UPDATE: State releases data on virus spread model
NOTE: This story has been updated to reflect that the state released the modeling data on Sunday.
For the past few weeks, state health department officials have been working with an expert task force of physicians, researchers and mathematicians from local universities to try to predict how the novel coronavirus spreading across the world might progress locally.
The group of specialists provided three reports to the Colorado Department of Public Health and Environment, as of the end of last week, and Gov. Jared Polis presented some of the findings of the experts during a press conference Friday, March 27. Polis relayed some stark estimates during the press conference, with possible COVID-19 deaths in Colorado ranging from 900 to 33,200.

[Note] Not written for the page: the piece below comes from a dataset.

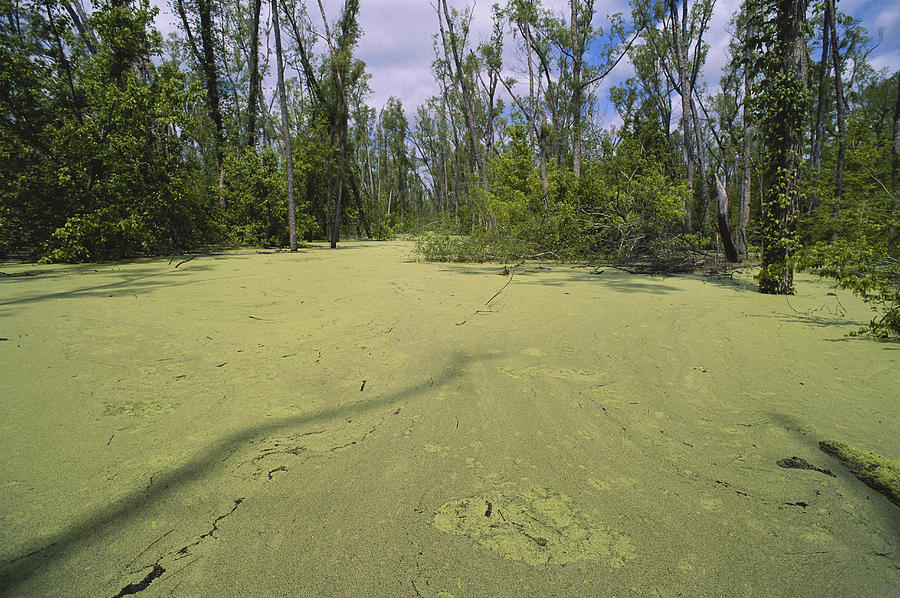Atchafalaya Swamp, Louisiana #1 Photograph by Gary Retherford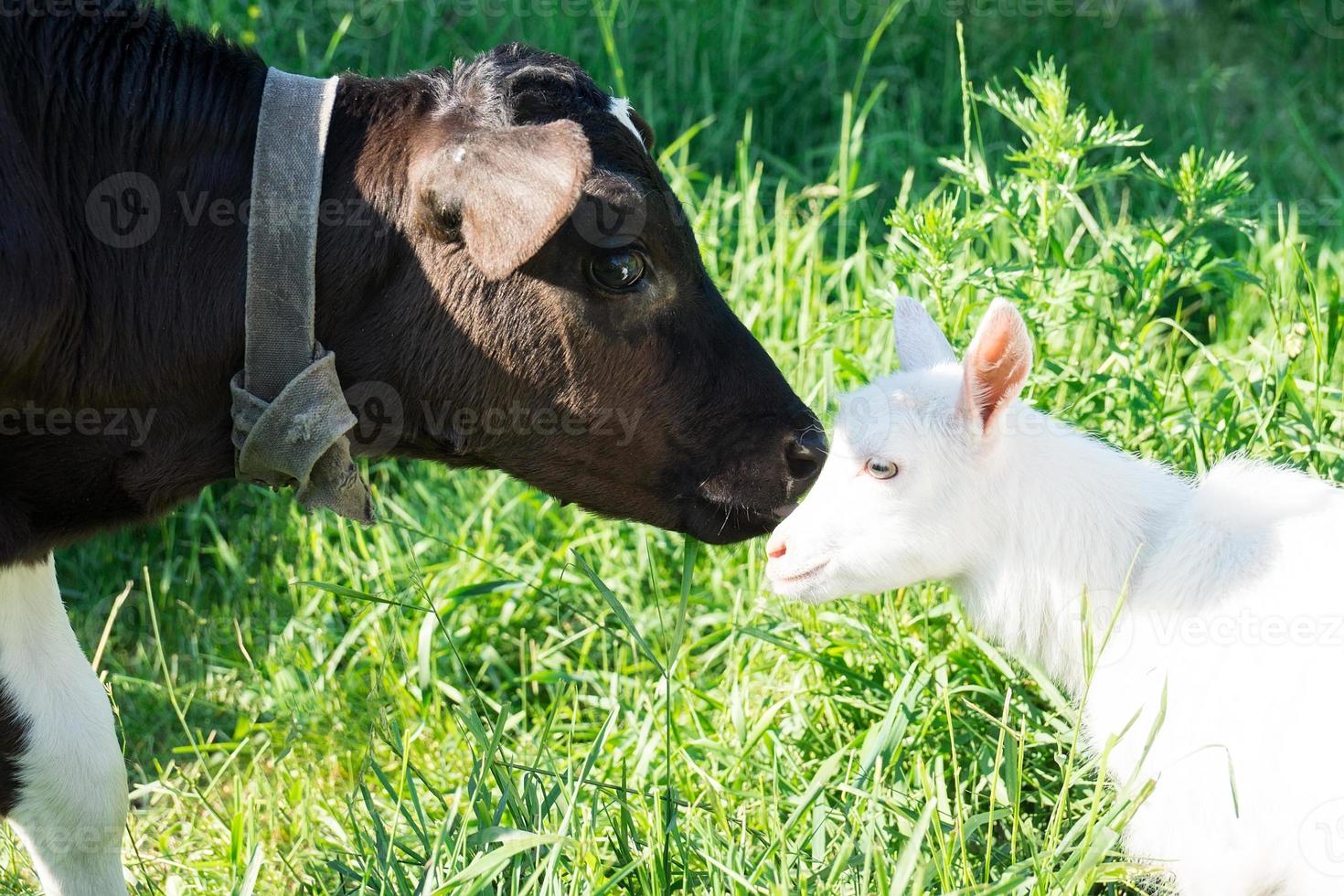 veau et chèvre photo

GovernorPolisPresentation2020-03-27.pptx.pdf
On Sunday, the CDPHE released the modeling data that the expert team had provided. According to a release, they modeled the pandemic using approaches tailored to Colorado, updating the modeling as the disease continues to spread in the state, using The team uses a fundamental approach: the SEIR model. The basics of the models are intuitive: prior to infection, individuals are susceptible (S) and once exposed (E) and infected (I) they are contagious, whether symptomatic or asymptomatic; those infected may recover and become resistant (R) or become sufficiently ill to need hospitalization and possibly critical care and to die. This standard model is thus abbreviated as the SEIR model.
During an April 2 web-streaming press conference, Scott Bookman, CDPHE’s COVID-19 incident commander, said the expert research gives them reason to believe that the number of COVID-19 cases in Colorado is between four and 10 times higher than what’s currently known.
CDPHE’s records manager told Colorado Politics on April 3 that they needed to delay the release of the records because of “extenuating circumstances.” Colorado public records law allows government agencies to spend up to seven days in addition to the three days allowed by law to produce copies of public records, when they’re formally requested.
But the “extenuating circumstances” provision of Colorado law allows the extra seven days only when a request is broad, voluminous or insufficiently specific, or if the records are impossible to compile within three days, or if, “an impending deadline or period of peak demand that is either unique or not predicted to recur more frequently than once a month” requires “all or substantially all” of the agency’s resources. Despite added complications or “peak demand” to the state health department due to work associated with the spread of the coronavirus, the agency has processed other formal records requests in recent days and weeks – just not for the expert research provided by the university task force.
Jeff Roberts, the executive director of the Colorado Freedom of Information Coalition, said the state health department should, especially in times when providing information can mean the health of Coloradans, provide access to reports that are compiled and complete. And they should provide them proactively, he said.
“The extenuating circumstances is understandable in this time, for records that really do have to be compiled and gone over for privilege, but if we’re talking about reports that are done, and they know what’s in these reports, then I would say that information should be provided in an expeditious way to the public and the journalists working to informing the public,” Roberts said. “And I would add the health department should be providing this proactively, without having to use a request. If there’s anything that’s privileged, then they should redact that, prior to proactive release.”